When Drag is Desirable

June 1, 2011 By: Tom Rosenbauer

The Sudden Inch. The fly is cast with an upstream mend or reach cast, and as it drifts downstream the rod is moved upstream just until the fly moves upstream about an inch. The fly is then allowed to dead-drift and inched again if the current allows.

IMPARTING MOVEMENT TO A DRY FLY is one of the most effective and exciting ways to fish dry flies, but it must be done under the right circumstances with special techniques that distinguish movement given to the fly by the fisherman from ordinary drag. Insects on the surface of the water move, no question, but when insects move they do it without creating a V-shaped wake that drag usually creates. When you purposely give movement to a fly, it should look like a skater gliding across the surface rather than a swimmer doing the crawl. If this is done properly, a skated fly will draw trout from six feet away, fish that might not be induced to take any other fly. It’s more an active technique that you should use like a streamer fly to provoke strikes than a passive technique where you pitch a fly to a trout’s suspected position and wait for him to inhale your fly.

Sometimes you need to add just a simple twitch to a dry fly to catch a trout’s attention. In our Vermont streams in the fall the same debris that causes a migration of people from hundreds of miles away for a few short, frantic weeks while it is still on the trees is quickly shed with the first autumn cold fronts, littering the surface of our rivers with the flames of red maples, pumpkin oranges of sugar maples, burnished gold of beeches and aspens, and at the end of the season, rich brown of oaks.
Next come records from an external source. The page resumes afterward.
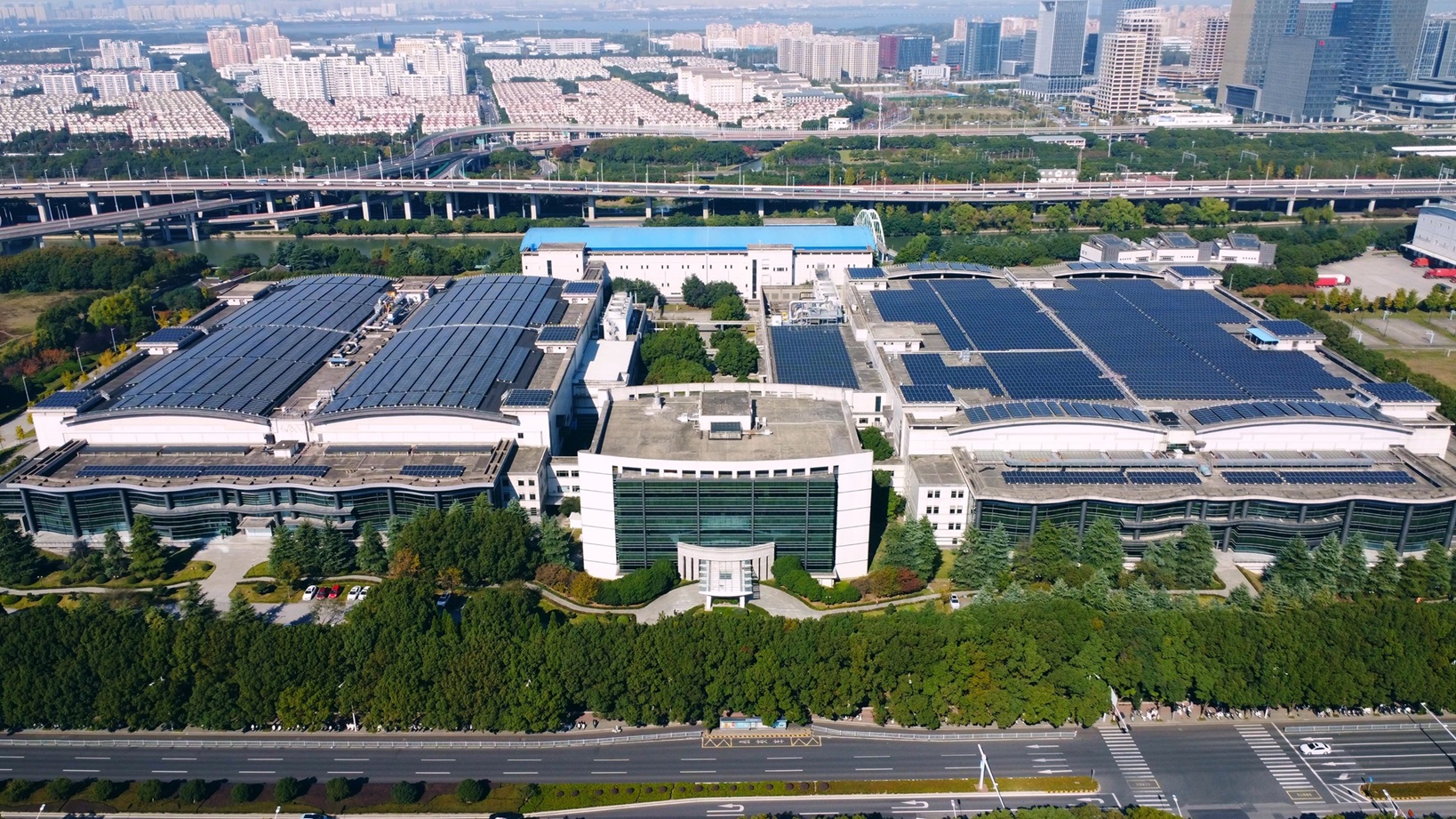 jinnian金年会光电苏州厂获世界经济论坛评选为&rdquo;人才灯塔工厂&rdquo;，为全球显示器产业首家获此殊荣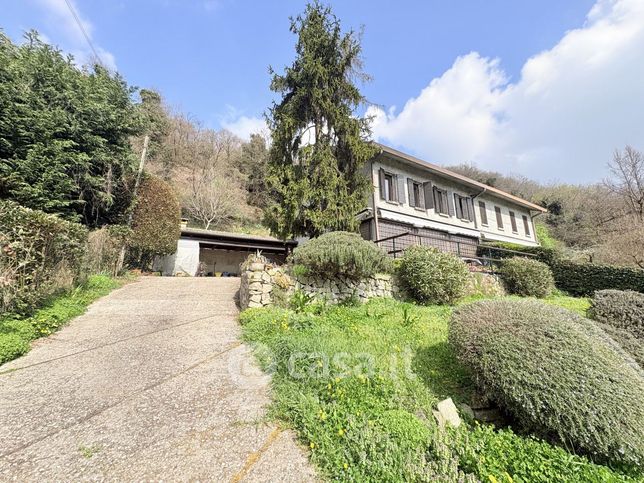 Casa bi/trifamiliare in residenziale in Via Regazzoni Alta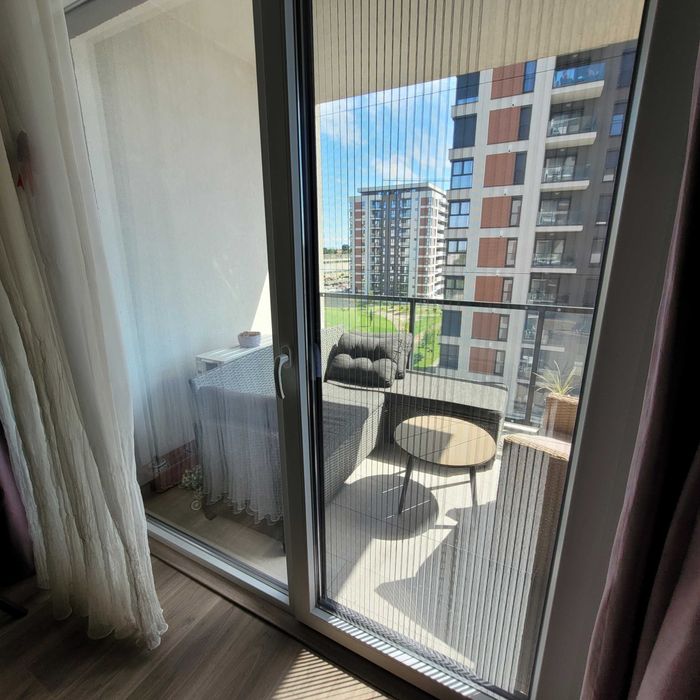 REZERVAT Proprietar ,închiriez apartament cu 3 camere și parcare la Adora Park Arad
As soon as the first leaves hit the water, trout that would move two feet for a dead-drifted Ausable Wulff seem to lose interest. I suspect this is because during the summer, when there is little vegetable matter falling into the river, there is a good chance that something floating on the surface of the water is food, and it is worth it for a trout to inspect most items in the drift. In the fall the trout have so many false alarms, rising to the surface and either turning away or inhaling a piece of inedible plant matter, that it is difficult to catch their interest. Unlike the spring and summer, where two casts to the same spot will be all that is needed to rise a trout, in the fall you might cast ten times to the same spot without results, then twitch the fly gently, then try another cast with a twitch, and finally twitch the fly steadily as soon as it lands and keep twitching almost to your feet.You need to distinguish your fly from all the inedible junk on the surface.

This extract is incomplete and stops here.